Durso continued, ‘We are looking forward to building on the relationship we already have with Matthew “Matty” Aracich in his role as the Business Manager of the Heat and Frost Insulators Local 12. We are excited to get to work building upon the strong partnership we’ve developed through the years and have no doubt Matty’s energy and fresh perspective will prove to be significant assets as he steers the ship on behalf of the affiliates and members of the Nassau-Suffolk Building and Construction Trades Council as we head in to 2018.”
LIBN:LI union leader to step down
The leader of one of Long Island’s largest labor organizations is retiring.
Richard O’Kane, 68, the president of the Building Trades Council of Nassau and Suffolk, plans on stepping down from his post on Jan.19.
O’Kane’s successor will be Matthew Aracich, a business manager with Heat and Frost Insulators Local 12.
The Building Trades Council, composed of 37 individual construction-related unions, has an estimated 59,000 members and is one of the most powerful labor groups in the area.

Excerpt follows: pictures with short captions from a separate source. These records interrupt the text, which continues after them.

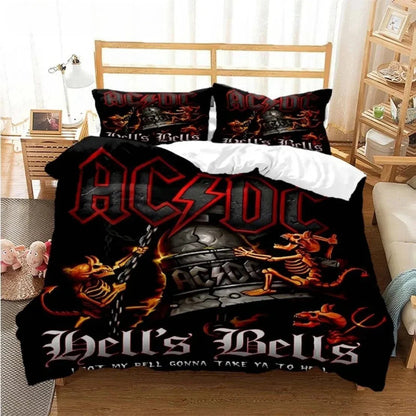 AC/DC Rock Band Bedding Set | Thunderstruck Duvet Cover & Pillowcase Set | Rock Your Room with Legendary AC/DC Style | Queen of the Bedroom Comforter for Kids & Adults Home Bedding Store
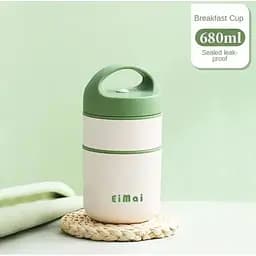 Термос для їжі - ланчбокс FOOD 0.68л харчовий термос з контейнером white-green - мініатюра 4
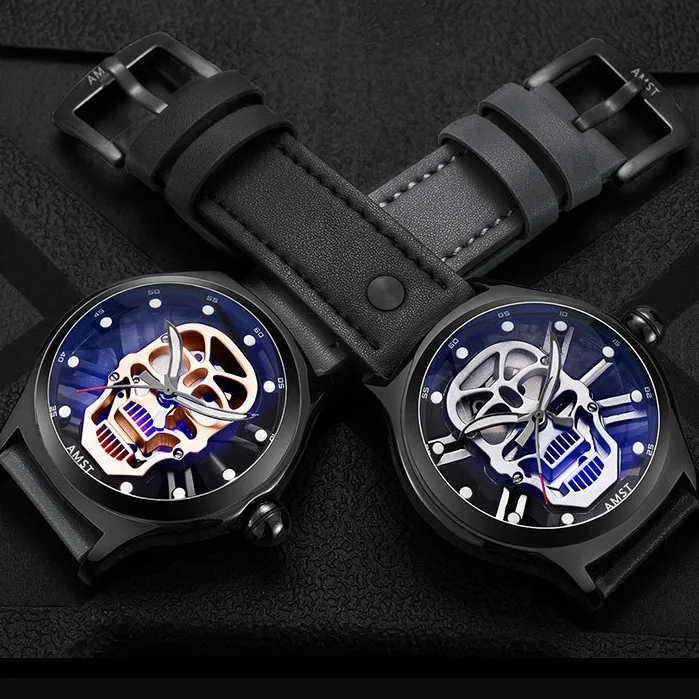 AMST luminous versatile sports waterproof quartz electronic watch skull large dial watch**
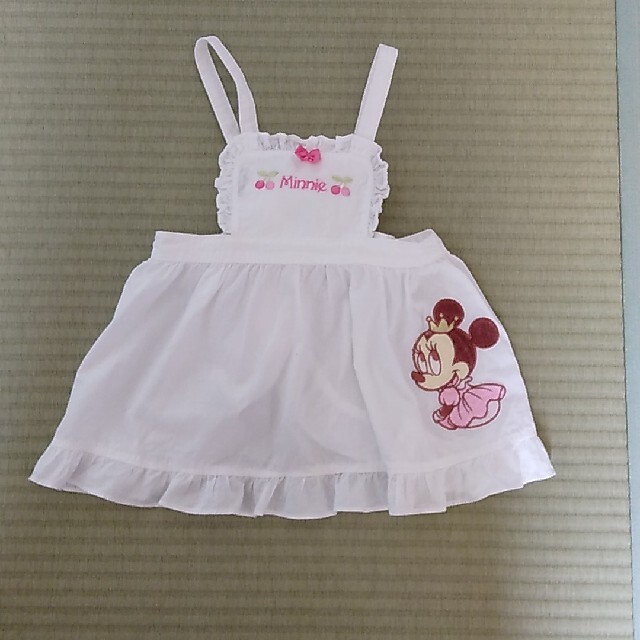 Disney(ディズニー)のMinnie　女の子　ワンピース　エプロン　パンツセット　90 キッズ/ベビー/マタニティのキッズ服女の子用(90cm~)(ワンピース)の商品写真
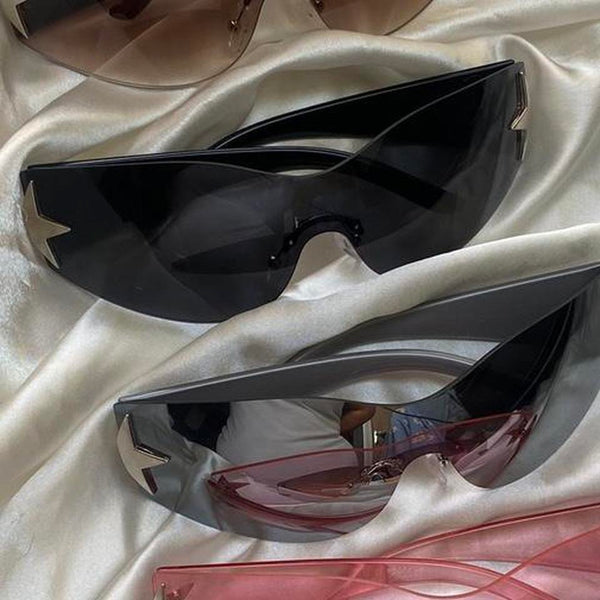 black y2k wrap around sporty sunglasses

O’Kane was voted in as president in June 2013, succeeding long-time Building Trades Council head Jim Castellane, who retired for health reasons. Castellane began his career as an HVAC insulator with Local 12.

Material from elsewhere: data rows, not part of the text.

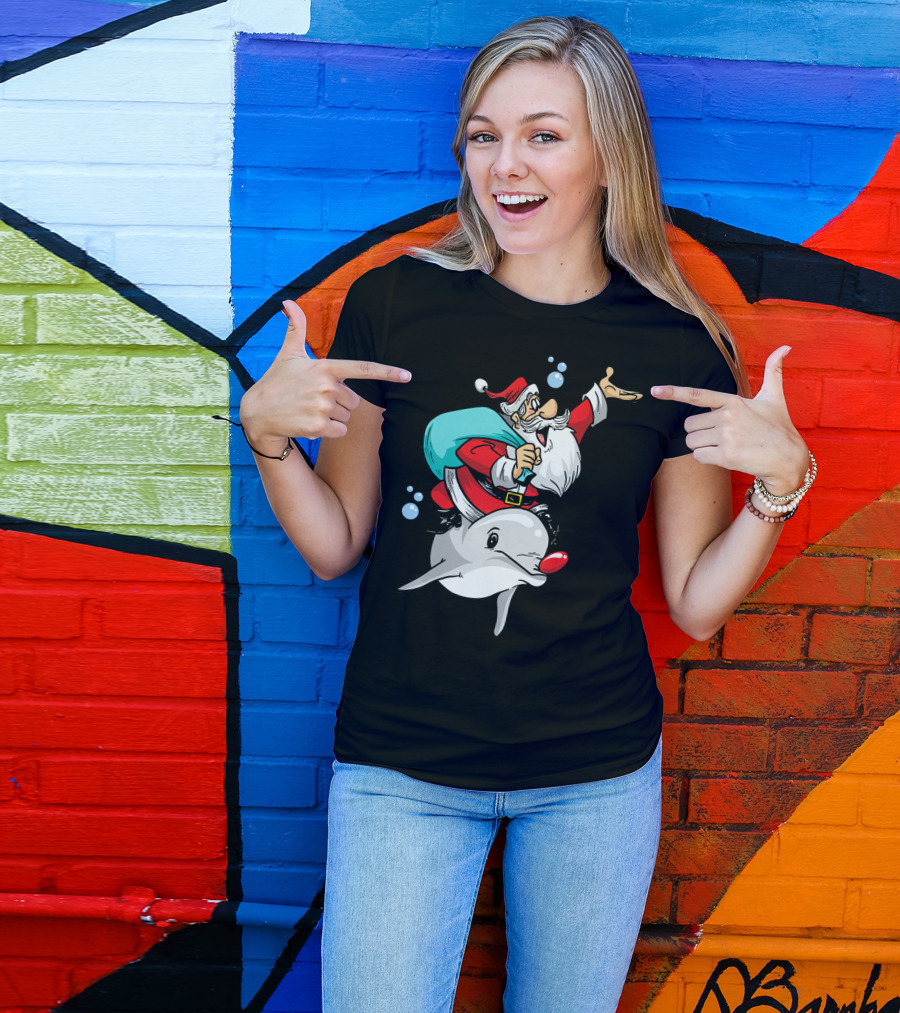 Christmas In July Santa Riding A Rudolph-Nosed Dolphin T-Shirt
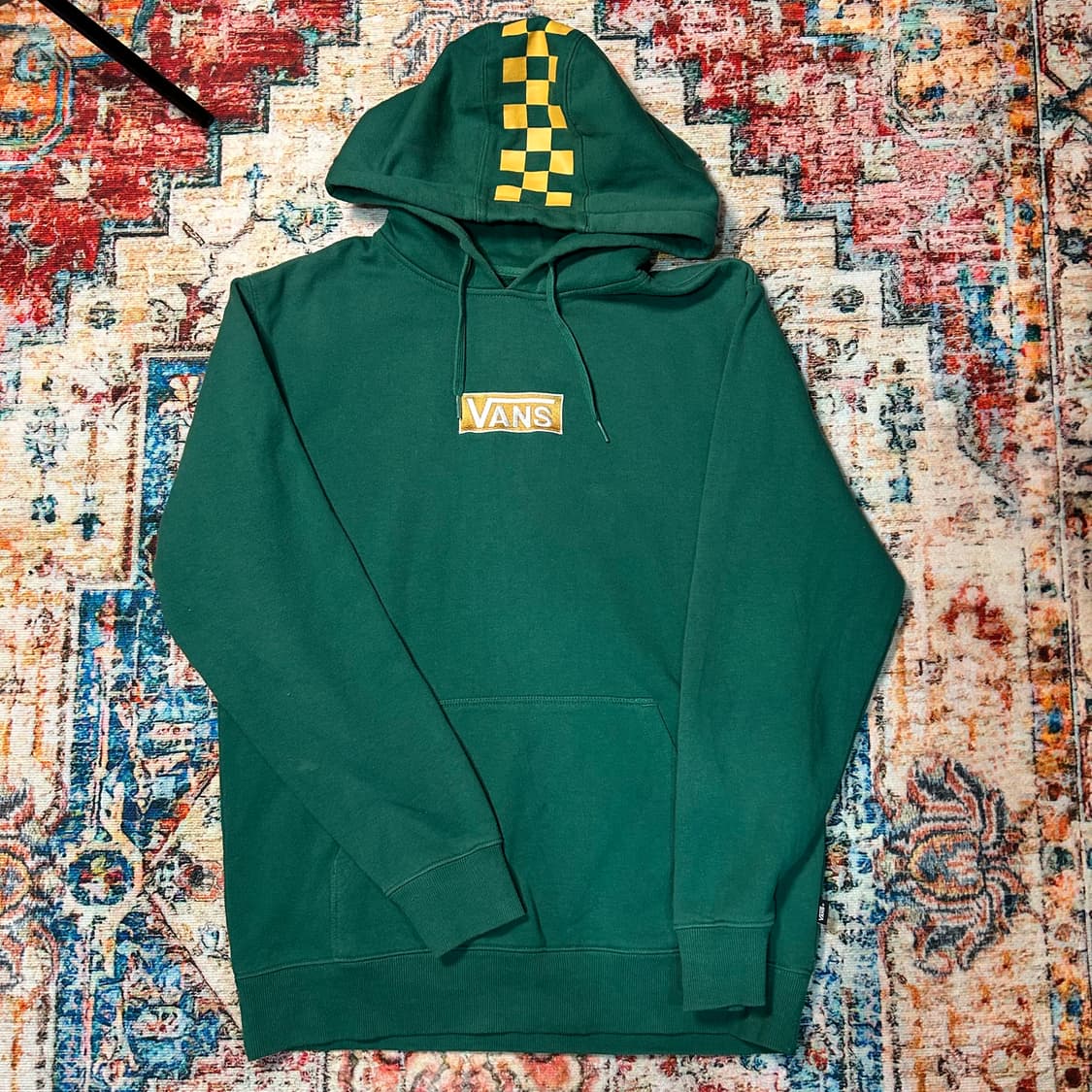 [XL] 반스 박스로고 체커보드 그린 후드티 상품이미지1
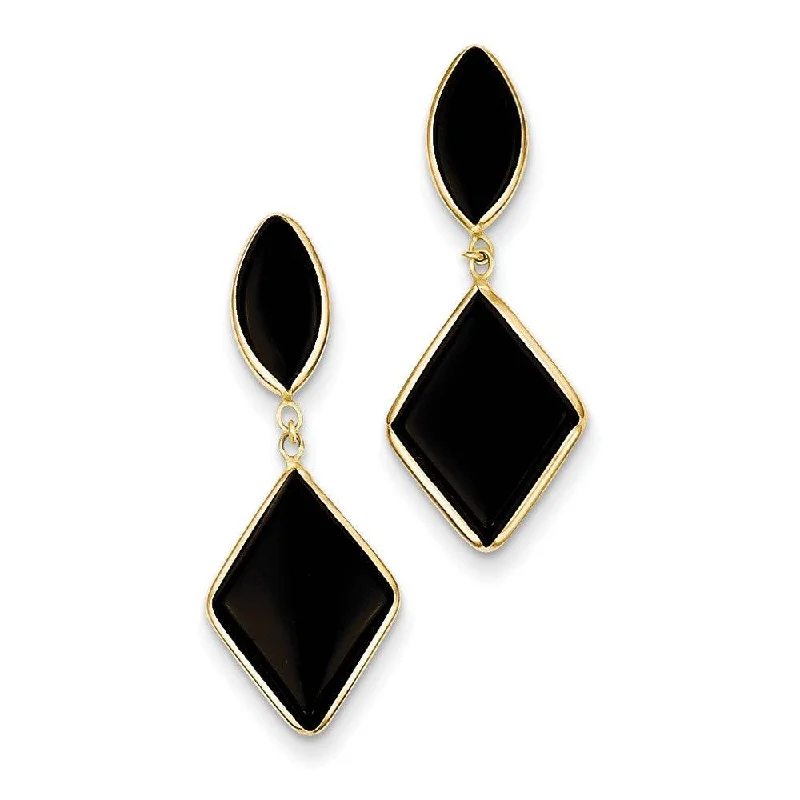 Women's astrology earrings-14k Onyx Dangle Earrings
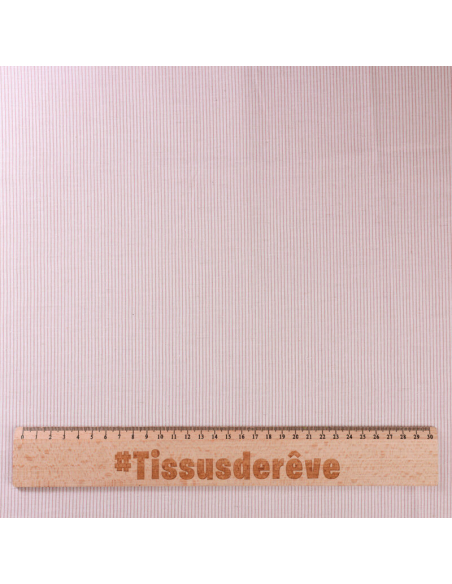 Voile de lin & coton – Rayé terracotta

A union ironworker for 43 years, O’Kane was an apprentice when he worked his first gig: Building a hangar at Long Island MacArthur Airport in 1970. O’Kane has also worked on repairing the Brooklyn Bridge and helped build Stony Brook University. He headed Ironworkers Local 361 before taking the top spot at the Building Trades Council.

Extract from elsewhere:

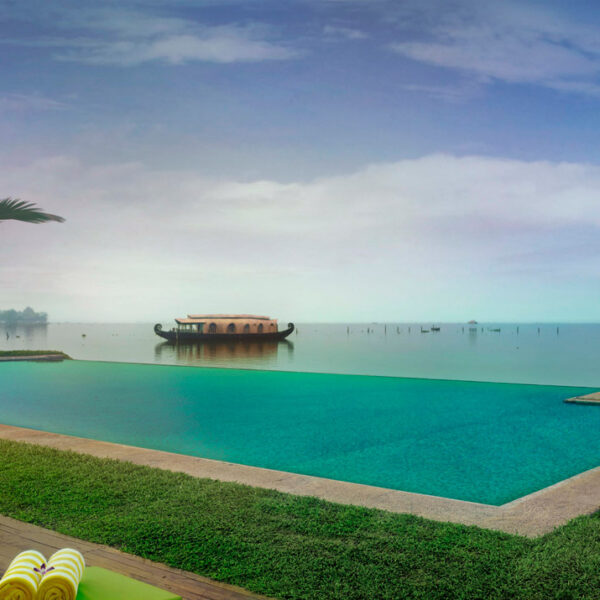 Infinity pool at Kumarakom luxury Lake Resort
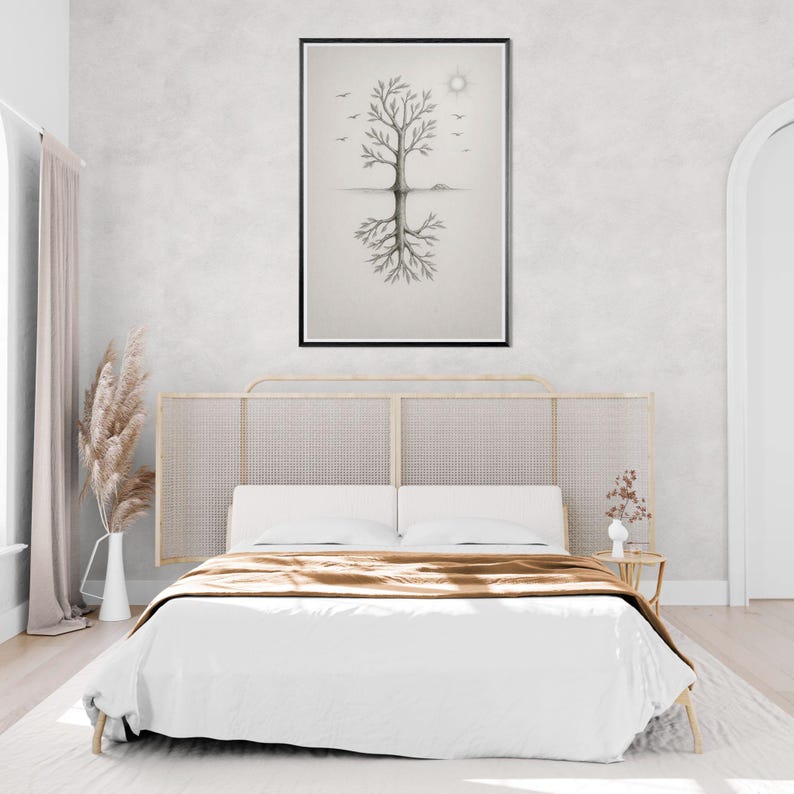 Tree art, line drawing, downloadable artwork, original art, introspective art, mystical tree, tree of life, instant download, downloadable image 12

During his tenure, O’Kane has pushed several Long Island municipalities to adopt laws that require contractors on larger building projects to have state-approved apprenticeship programs. He’s also been a staunch advocate for local hiring, lobbying companies and public officials to use construction workers from Nassau and Suffolk counties instead of importing them from out of the area.
Under O’Kane, the Building Trades Council, in conjunction with the Long Island Federation of Labor, United Way and the Workforce Development Institute, was able to create Opportunity Long Island, a program that helps young people prepare for a pre-apprenticeship training program that O’Kane says will eventually provide hundreds of jobs.
“The only disappointment in my tenure was that the IDAs on Long Island have yet to get on board with apprenticeship language in their requirements for projects receiving public benefits,” O’Kane said. “If they did they could create hundreds and hundreds of jobs across Long Island. Lets hope they do so soon.”